BRIEF> Before repeating the entries below, strip out every picture and keep all else as it is.

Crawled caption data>
=-=-=
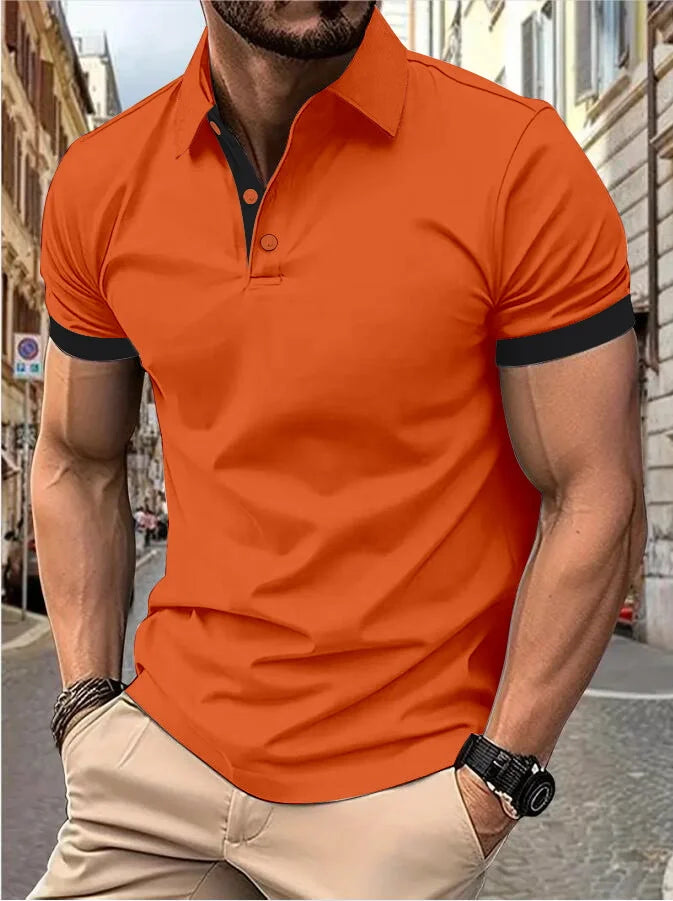 Men's Color Block Polo Shirt – Short Sleeve Casual Summer Top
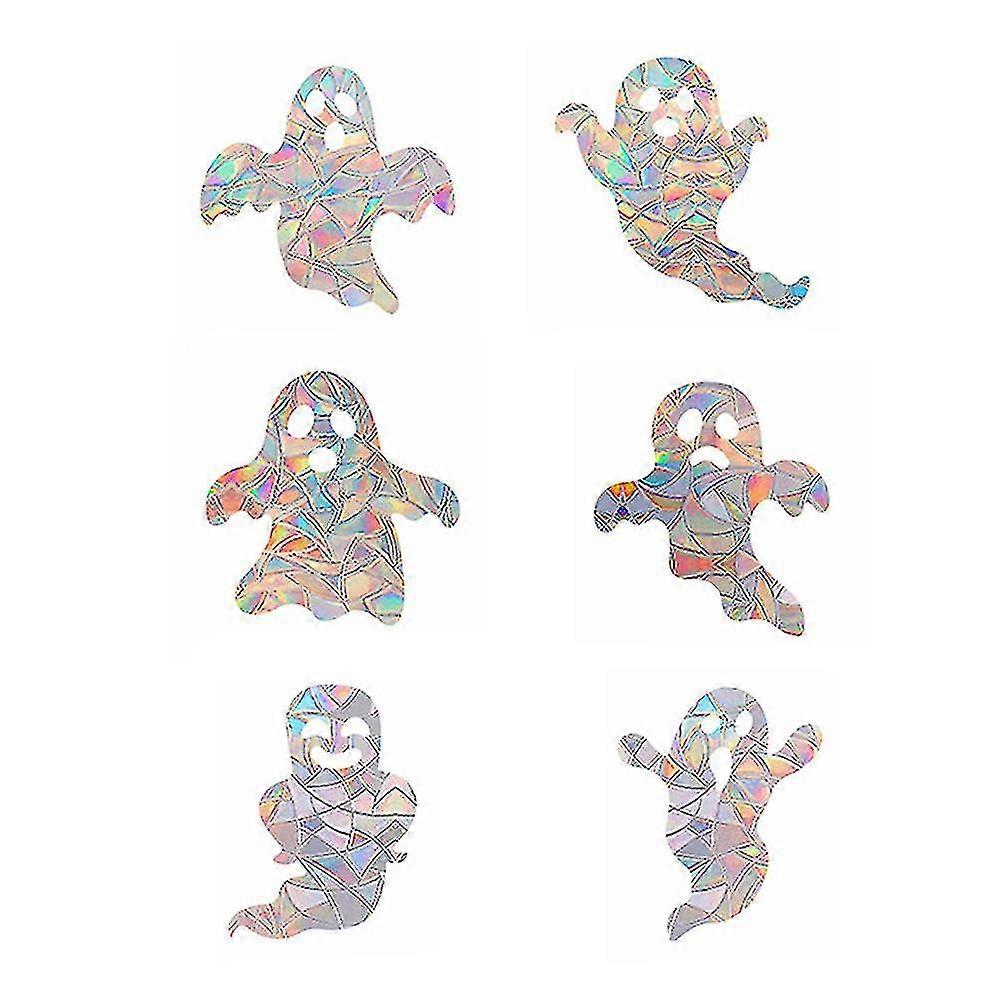 バードストライクのためのハロウィーンのゴーストウィンドウデカール - 窓のためのサンキャッチャーステッカー - ガラス窓のための窓のしがみつく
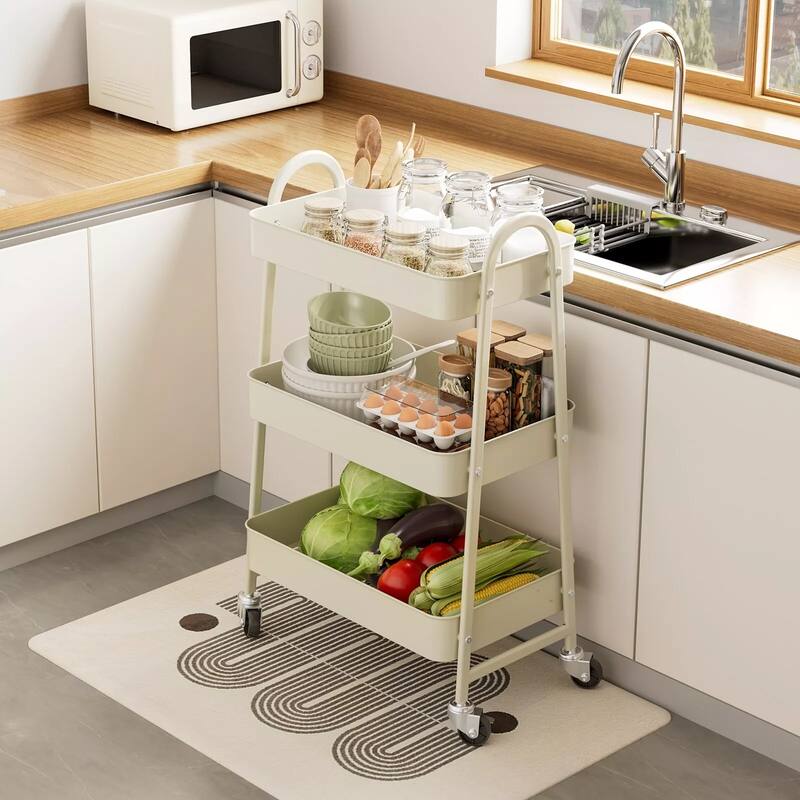 3-Tier Metal Rolling Utility Cart Multifunctional Organizer with Handle and Lockable Wheels - 17.4"D x 12.04"W x 31.02"H - White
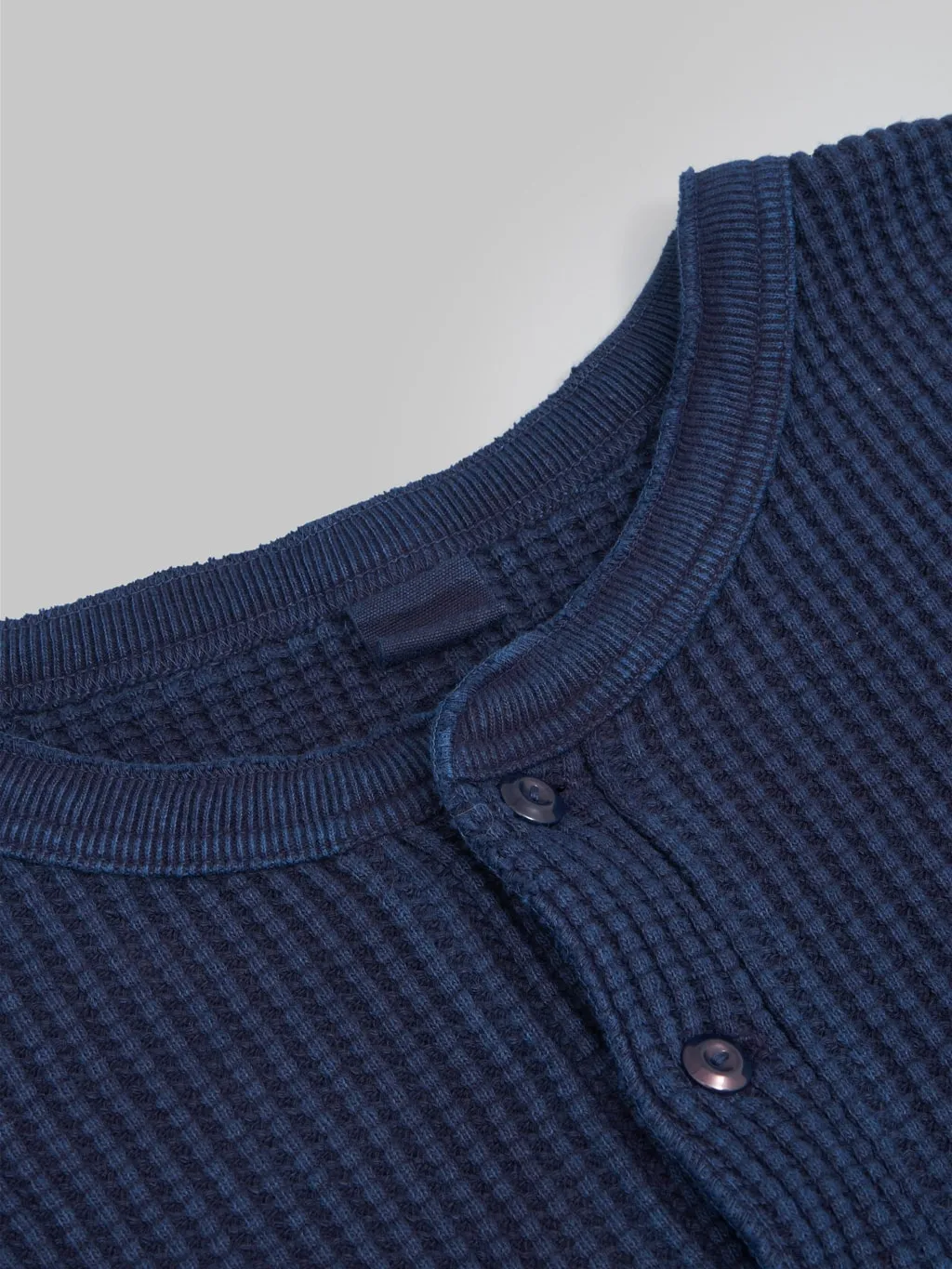 UES Thermal Big Waffle Henley T-Shirt Indigo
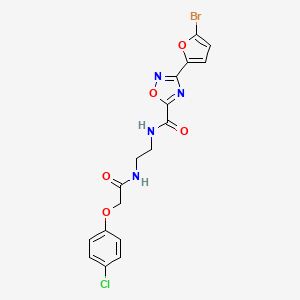 molecular formula C17H14BrClN4O5 B11474080 3-(5-bromofuran-2-yl)-N-(2-{[(4-chlorophenoxy)acetyl]amino}ethyl)-1,2,4-oxadiazole-5-carboxamide 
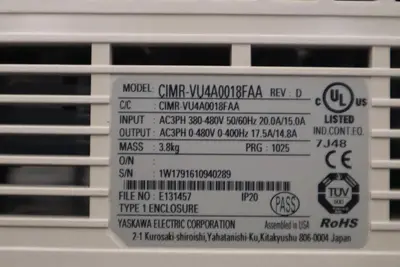 Yaskawa CIMR-VU4A0018FAA Rev D Drive V1000 380-480V - STOCK 5053CC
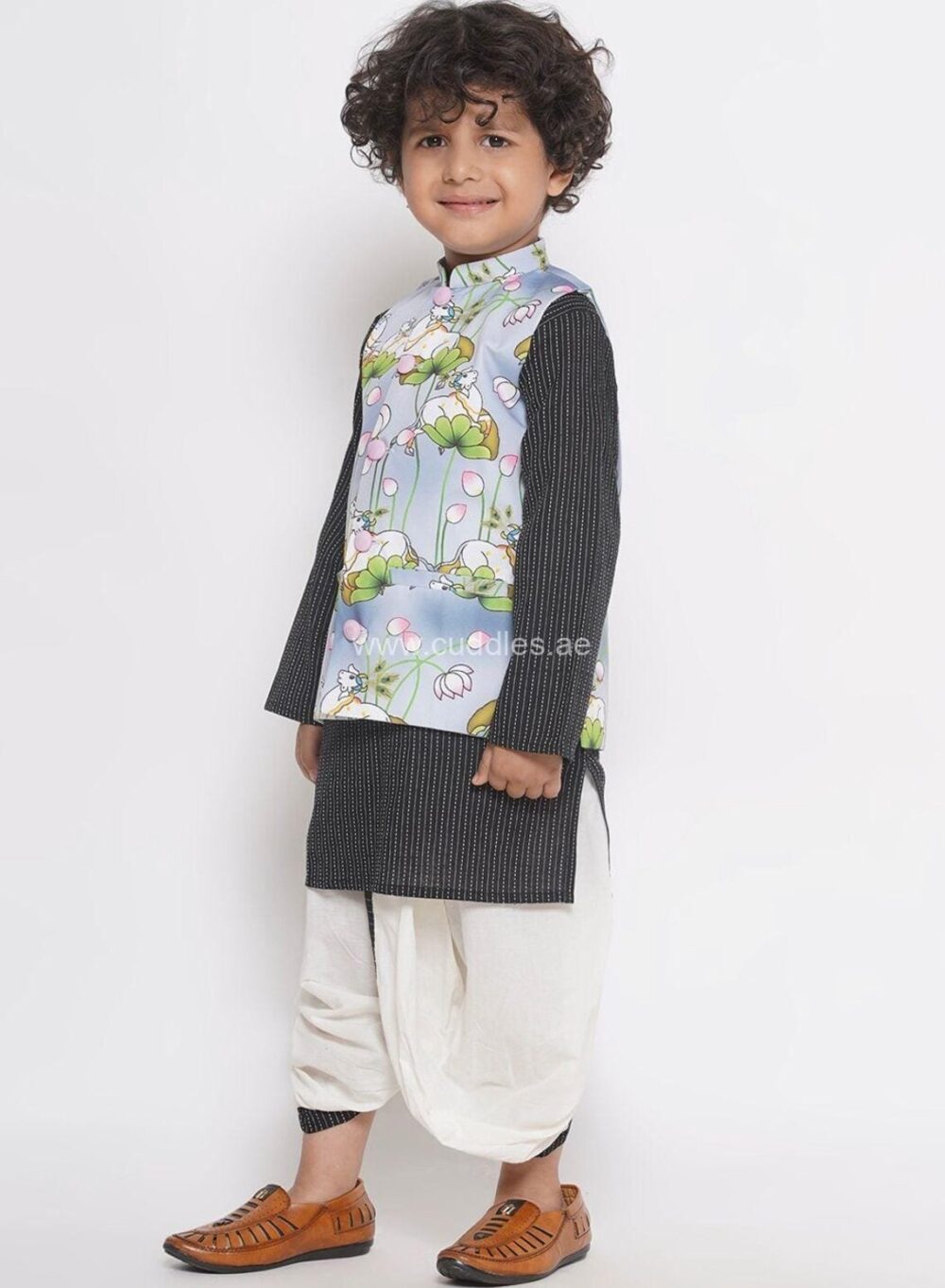 Black Striped kurta with Dhoti and waistcoat - Image 4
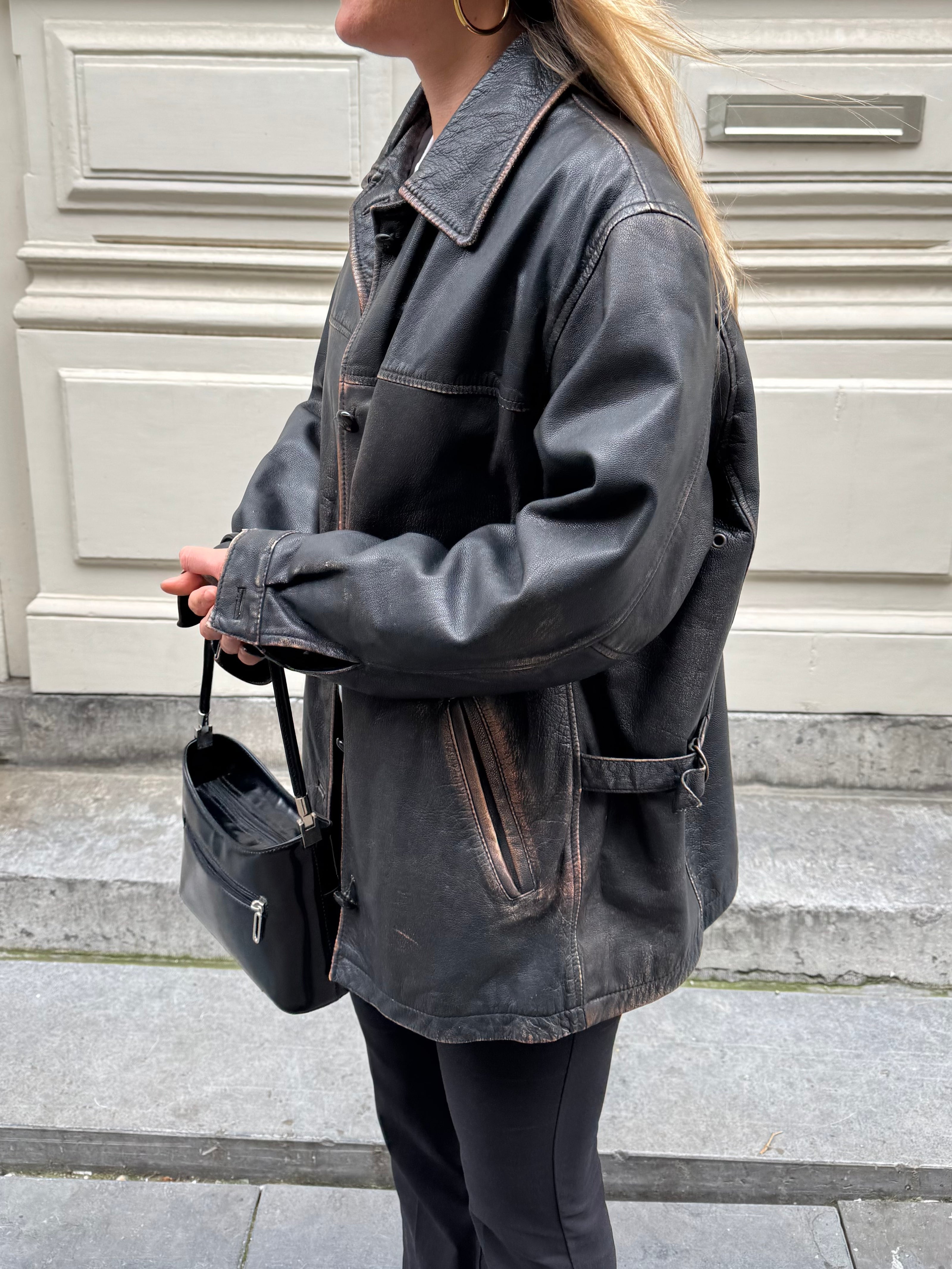Black Worn/Distressed Buttoned Leather Jacket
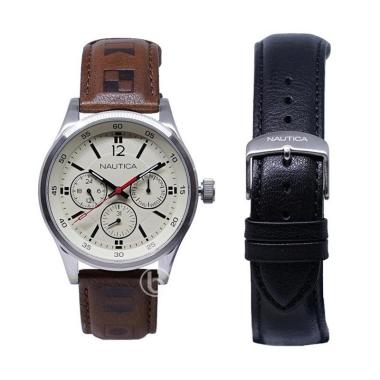Nautica Santorini Multifunction Jam Tangan Pria [NAPNTI80/ Original] White Brown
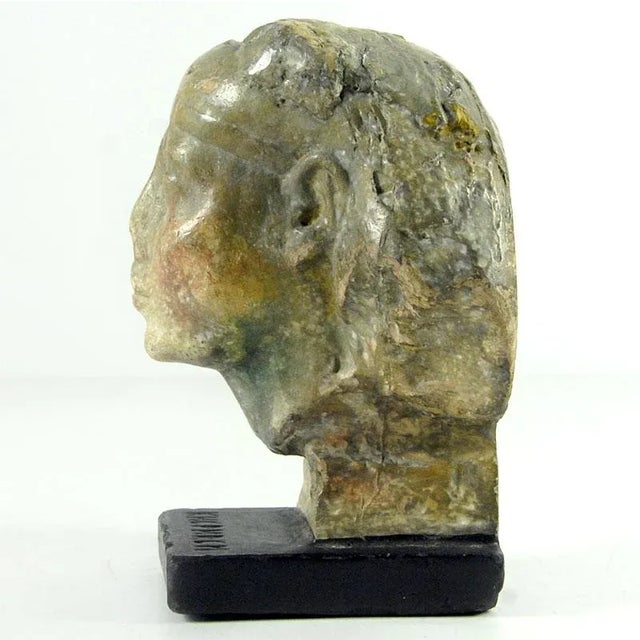 Sculpture Materials Small Ancient Style Sculpture Head For Sale - Image 7 of 9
=-=-=
EXERCISE RESPONSE>
 Men's Color Block Polo Shirt – Short Sleeve Casual Summer Top
 バードストライクのためのハロウィーンのゴーストウィンドウデカール - 窓のためのサンキャッチャーステッカー - ガラス窓のための窓のしがみつく
 3-Tier Metal Rolling Utility Cart Multifunctional Organizer with Handle and Lockable Wheels - 17.4"D x 12.04"W x 31.02"H - White
 UES Thermal Big Waffle Henley T-Shirt Indigo
 molecular formula C17H14BrClN4O5 B11474080 3-(5-bromofuran-2-yl)-N-(2-{[(4-chlorophenoxy)acetyl]amino}ethyl)-1,2,4-oxadiazole-5-carboxamide 
 Yaskawa CIMR-VU4A0018FAA Rev D Drive V1000 380-480V - STOCK 5053CC
 Black Striped kurta with Dhoti and waistcoat - Image 4
Black Worn/Distressed Buttoned Leather Jacket
Nautica Santorini Multifunction Jam Tangan Pria [NAPNTI80/ Original] White Brown
 Sculpture Materials Small Ancient Style Sculpture Head For Sale - Image 7 of 9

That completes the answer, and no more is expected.